I reached forward and steadied her as she slipped on one of the smoother rocks. ‘That’s the reason I’m here,’ I said. ‘In itself, smuggling is something dealt with by subordinates of subordinates. But I’m told the detained ship is from Tanais. That raises the question of how it got through the narrow straits past the City.’ Yes, that was my concern. Now I was so wretchedly late, I was thinking about criminal charges as well as general sackings in the Tolls Office. I tried to look fierce. I was his Magnificence the Lord Senator Alaric, Lord Treasurer to Heraclius – but I wasn’t above getting my hands dirty, or my boots scratched, to make sure I ran a department as efficient and incorruptible as everyone knew I was.

I leaned forward and put my hand on a convenient lump of rock. Unless those unusually active seabirds overhead were lost, it was one more upward climb and then a descent to the shore. I recalled from my one previous visit that this was a narrow bay with a flat and sandy beach. I frowned and pulled my hand back. I looked at my hand. I rubbed my fingers together and sniffed them. I used my other hand to get out the napkin I’d soaked in perfume. I cleaned myself and stared at linen that was no longer white but stained with congealing blood.

Eyes suddenly wide, Antonia didn’t cry out. I tried for a smile. I wondered how long I had before she realised what a total dickhead I’d been.

 

There was a salty puddle at the foot of this depression in the rock, and I moved to a loose rock in an effort to keep my boots dry. I drew a deep breath and tried to ignore the sound of my own racing pulse. I took out the two halves of the papyrus sheet. The message looked absolutely right. It was in the right handwriting, and was expressed in the right stilted phrasing.

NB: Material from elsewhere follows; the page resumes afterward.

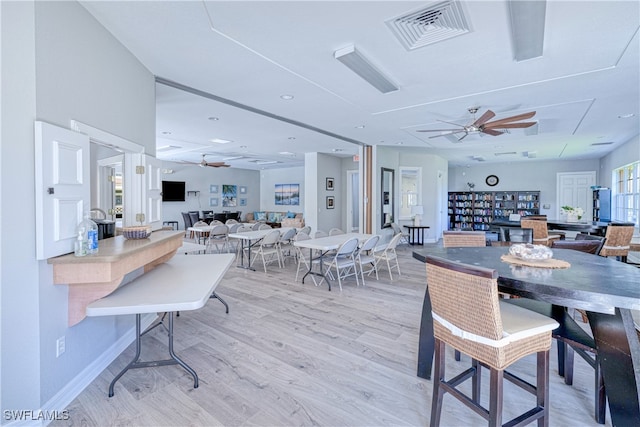 dining space with ceiling fan, visible vents, light wood-style flooring, and baseboards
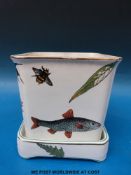 A Minton floral jardiniere and stand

I’d read it once in my hall of audience and got it straight by heart. Why was I fussing over a few spots of blood? Perhaps one of my own people had slipped here and cut himself. These rocks were buggery sharp. But it was more than a few spots of blood I’d just wiped off my hand. I looked up again and tried not to sneeze as I stared close by the sun. Those seabirds were very active. They might be feeding. Or they might have been disturbed.